Is suo motu action the only way to get justice in a country like Pakistan?
The concept of justice is the bedrock of Islam and the Constitution of the Islamic Republic of Pakistan. In this regard, the recent suo motu actions taken by the Chief Justice of Pakistan (CJP), Mian Saqib Nisar, should be greatly applauded for the simple reason that he stood up for justice.
The power to take suo motu action stems from Article 184(3) of the Constitution regarding original jurisdiction of the Supreme Court which states as follows:
“Without prejudice to the provisions of Article 199, the Supreme Court shall, if it considers that a question of public importance with reference to the enforcement of any of the Fundamental Rights conferred by Chapter I of Part II is involved have the power to make an order of the nature mentioned in the said Article.”
The question often debated is whether suo motu action is the only way for Pakistan to get justice? The answer to that is clearly a no. However, this is not the right question to be framed in a day and age where the government and the executive have failed to hold people accountable for flagrant breaches of law on numerous occasions. Thus, the right question then is whether taking an action under the suo motu powers given to the Supreme Court one of the most important ways to uphold justice? Viewed in this perspective, the actions taken by the CJP are perfectly legitimate and are indeed necessary.

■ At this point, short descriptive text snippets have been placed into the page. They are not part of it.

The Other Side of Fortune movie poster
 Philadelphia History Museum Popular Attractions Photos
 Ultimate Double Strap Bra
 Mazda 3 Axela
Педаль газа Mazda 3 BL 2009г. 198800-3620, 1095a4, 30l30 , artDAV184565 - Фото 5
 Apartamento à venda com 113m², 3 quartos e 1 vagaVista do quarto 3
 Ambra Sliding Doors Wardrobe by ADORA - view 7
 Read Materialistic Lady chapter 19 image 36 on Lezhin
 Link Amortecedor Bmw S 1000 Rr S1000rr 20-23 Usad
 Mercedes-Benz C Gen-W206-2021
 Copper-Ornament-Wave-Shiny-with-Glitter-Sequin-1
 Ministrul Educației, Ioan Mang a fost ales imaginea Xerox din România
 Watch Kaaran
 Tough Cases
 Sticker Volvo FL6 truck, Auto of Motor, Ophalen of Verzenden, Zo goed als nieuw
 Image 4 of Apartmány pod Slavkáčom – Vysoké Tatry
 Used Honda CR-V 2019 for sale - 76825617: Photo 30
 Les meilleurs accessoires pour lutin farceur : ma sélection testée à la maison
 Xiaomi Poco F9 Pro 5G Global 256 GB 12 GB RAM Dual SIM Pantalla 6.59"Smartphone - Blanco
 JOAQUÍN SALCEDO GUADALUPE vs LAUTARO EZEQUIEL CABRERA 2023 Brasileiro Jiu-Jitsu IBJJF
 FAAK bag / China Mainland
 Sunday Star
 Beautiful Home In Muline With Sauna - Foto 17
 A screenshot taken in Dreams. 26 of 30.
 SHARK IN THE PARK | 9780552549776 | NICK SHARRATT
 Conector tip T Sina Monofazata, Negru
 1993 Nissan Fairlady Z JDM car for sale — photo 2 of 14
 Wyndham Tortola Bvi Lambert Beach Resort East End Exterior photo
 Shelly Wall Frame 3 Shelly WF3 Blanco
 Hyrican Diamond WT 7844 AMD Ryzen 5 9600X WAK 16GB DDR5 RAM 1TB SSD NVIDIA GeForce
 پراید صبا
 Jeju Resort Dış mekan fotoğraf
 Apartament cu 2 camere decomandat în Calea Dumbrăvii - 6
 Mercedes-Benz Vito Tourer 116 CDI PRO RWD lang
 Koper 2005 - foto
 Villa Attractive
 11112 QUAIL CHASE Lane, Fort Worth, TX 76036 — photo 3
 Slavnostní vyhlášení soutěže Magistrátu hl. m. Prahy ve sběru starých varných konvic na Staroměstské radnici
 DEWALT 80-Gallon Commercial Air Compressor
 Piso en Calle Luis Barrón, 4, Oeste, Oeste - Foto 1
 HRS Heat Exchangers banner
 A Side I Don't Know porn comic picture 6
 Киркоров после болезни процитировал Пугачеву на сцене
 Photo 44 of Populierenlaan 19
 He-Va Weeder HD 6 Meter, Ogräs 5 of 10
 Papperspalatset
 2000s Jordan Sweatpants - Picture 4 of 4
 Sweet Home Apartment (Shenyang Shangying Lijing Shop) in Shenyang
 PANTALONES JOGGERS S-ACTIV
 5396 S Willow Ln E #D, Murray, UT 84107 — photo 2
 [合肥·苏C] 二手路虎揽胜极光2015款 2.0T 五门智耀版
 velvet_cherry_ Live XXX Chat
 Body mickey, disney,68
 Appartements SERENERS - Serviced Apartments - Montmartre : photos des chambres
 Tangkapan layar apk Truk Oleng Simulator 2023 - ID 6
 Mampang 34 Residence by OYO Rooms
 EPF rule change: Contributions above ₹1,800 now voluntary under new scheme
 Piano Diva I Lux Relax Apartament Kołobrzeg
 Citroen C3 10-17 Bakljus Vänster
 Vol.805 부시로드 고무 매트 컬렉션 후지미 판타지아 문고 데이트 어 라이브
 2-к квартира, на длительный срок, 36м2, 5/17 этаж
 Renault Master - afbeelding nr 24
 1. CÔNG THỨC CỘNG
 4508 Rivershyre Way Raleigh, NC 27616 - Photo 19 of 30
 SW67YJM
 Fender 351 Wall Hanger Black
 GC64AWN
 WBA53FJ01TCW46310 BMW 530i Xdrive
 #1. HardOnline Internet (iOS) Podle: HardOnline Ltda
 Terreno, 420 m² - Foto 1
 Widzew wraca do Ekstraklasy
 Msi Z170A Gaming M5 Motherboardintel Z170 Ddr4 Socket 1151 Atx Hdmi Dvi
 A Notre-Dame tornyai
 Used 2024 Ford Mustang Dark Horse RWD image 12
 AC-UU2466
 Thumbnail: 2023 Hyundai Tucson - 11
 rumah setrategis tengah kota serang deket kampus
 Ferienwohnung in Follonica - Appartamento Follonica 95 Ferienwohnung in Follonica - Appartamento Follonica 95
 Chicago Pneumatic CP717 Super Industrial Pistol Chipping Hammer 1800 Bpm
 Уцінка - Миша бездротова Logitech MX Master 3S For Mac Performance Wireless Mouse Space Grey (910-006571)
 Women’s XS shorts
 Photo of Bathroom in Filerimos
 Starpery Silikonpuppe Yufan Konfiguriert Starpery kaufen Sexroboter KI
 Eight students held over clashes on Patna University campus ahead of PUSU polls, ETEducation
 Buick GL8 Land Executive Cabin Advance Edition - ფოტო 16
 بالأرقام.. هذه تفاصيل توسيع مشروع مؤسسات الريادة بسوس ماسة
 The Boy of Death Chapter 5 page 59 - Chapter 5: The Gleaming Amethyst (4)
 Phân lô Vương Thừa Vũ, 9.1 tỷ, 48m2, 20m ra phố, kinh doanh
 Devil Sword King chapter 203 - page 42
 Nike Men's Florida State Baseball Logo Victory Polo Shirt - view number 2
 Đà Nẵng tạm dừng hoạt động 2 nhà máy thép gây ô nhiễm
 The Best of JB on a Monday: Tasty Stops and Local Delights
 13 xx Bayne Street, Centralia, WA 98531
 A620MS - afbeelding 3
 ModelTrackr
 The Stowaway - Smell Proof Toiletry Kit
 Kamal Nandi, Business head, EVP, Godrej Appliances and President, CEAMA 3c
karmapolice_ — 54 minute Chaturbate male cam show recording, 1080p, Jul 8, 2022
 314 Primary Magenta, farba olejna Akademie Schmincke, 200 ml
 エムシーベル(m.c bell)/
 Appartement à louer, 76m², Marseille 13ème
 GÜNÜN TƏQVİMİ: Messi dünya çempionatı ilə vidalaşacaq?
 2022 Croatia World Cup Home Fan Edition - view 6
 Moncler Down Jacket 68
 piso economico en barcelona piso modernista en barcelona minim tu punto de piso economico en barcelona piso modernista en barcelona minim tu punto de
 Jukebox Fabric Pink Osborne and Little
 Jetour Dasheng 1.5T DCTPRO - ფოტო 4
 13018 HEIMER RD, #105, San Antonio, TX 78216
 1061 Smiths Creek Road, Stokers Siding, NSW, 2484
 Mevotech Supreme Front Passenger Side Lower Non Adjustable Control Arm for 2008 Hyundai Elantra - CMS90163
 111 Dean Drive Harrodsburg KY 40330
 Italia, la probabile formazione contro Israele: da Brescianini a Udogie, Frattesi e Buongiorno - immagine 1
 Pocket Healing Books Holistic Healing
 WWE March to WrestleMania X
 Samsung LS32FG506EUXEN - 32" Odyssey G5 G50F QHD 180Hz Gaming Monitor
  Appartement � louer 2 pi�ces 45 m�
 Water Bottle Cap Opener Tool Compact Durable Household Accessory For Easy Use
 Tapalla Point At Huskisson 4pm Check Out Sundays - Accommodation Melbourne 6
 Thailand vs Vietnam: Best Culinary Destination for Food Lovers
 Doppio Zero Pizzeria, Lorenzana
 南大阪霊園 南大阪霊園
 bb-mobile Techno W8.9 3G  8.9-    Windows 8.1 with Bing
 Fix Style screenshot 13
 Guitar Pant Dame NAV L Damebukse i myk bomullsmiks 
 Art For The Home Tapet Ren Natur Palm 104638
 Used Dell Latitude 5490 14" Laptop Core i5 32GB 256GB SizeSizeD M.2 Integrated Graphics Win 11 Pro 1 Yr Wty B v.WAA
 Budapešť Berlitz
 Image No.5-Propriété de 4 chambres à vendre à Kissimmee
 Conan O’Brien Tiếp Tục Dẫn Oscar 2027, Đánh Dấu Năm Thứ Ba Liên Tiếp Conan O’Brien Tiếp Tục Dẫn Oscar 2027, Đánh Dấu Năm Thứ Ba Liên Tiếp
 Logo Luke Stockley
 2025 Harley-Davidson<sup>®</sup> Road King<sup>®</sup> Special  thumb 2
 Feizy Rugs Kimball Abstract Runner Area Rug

According to the Supreme Court of Pakistan’s 2011 judgment, Munir Hussain Bhatti Advocate and another versus Federation of Pakistan and another, the aforementioned article empowers the Supreme Court to exercise jurisdiction thereunder whenever the court considers a matter to:
(i) be of public importance and,
(ii) that it pertains to the enforcement of fundamental rights.
The determination on both these counts is to be made by the Supreme Court itself, keeping the facts of the case in mind. In the same judgment, it was also stated that a review of the precedents which enunciate the scope of Article 184(3) makes it clear that “overt expression of public interest” or “street demonstrations and vigorous media debate” have not been considered necessary factors for the exercise of jurisdiction over a case under Article 184(3).
Some of the notable and recent suo motu actions taken by the CJP are on rape and murder of Asma and Zainab, and against former Malir SSP Rao Anwar. Suo motus have also been taken regarding the condition of government hospitals in Karachi, traffic blockades on public roads across the country due to VVIP movement, and conditions of Lahore’s government hospitals. It should be noticed that the one thing common in all these cases is that all of them involved a question of public importance, thus they cannot be considered as frivolous or beyond the powers given to the apex court.
Moreover, in cases like Asma, Zainab and Anwar, there were already several similar incidents that had taken place and were reported to the authorities. However, the victims and their families remained deprived of justice, leaving it to the Supreme Court to take matters into its own hands. Pakistan has and still faces many cases of police negligence, which ultimately leads to people losing faith in our justice system. Suo motu then becomes crucial to restore their confidence in the judiciary.
An argument against the CJP has been that by taking such actions, he has stepped in the zone of the executive and has endangered the rule of law. This is a completely flawed argument, as numerous cases, including the ones mentioned above, establish that executive action taken by the various administrative and executive functionaries of the state can be called in question, inter alia, under Articles 199 and 184(3) of the Constitution. Such executive action may additionally be subject to parliamentary review and oversight in our parliamentary system of governance. Legislative action can also be called into question in court, inter alia, on the touchstone that it is violates the Constitution.
The practice of exercising suo motu powers is not only confined to Pakistan but courts in other jurisdictions such as India. The 1995 Indian Supreme Court’s judgment of Shri Bodhisattwa Gautam versus Miss Subhra Chakraborty recognised the suo motu powers of Supreme Court and stated as follows:
“For the exercise of this jurisdiction, it is not necessary that the person who is the victim of violation of his fundamental right should personally approach the Court as the Court can itself take cognisance of the matter and proceed suo motu or on a petition of any public spirited individual.”
In an era where incidents of corruption and fraud have taken an unprecedented rise while the public is left at the mercy of the higher authorities to take action, the CJP’s role has been exemplary. He must continue to exercise suo motu powers provided that the decisions on such actions are taken swiftly and thoroughly.
Lastly, under Article 184(3) of the Constitution, not only is the Supreme Court possessed with the power to take a suo motu action but it must, as a matter of duty, exercise jurisdiction over this case. Having said that, each organ of the state, be it the judiciary, the executive or the legislature, should ensure it operates under constitutional constraints and performs its role efficiently. It is only after a collective and harmonised effort by each of them that justice can be upheld in its purest form.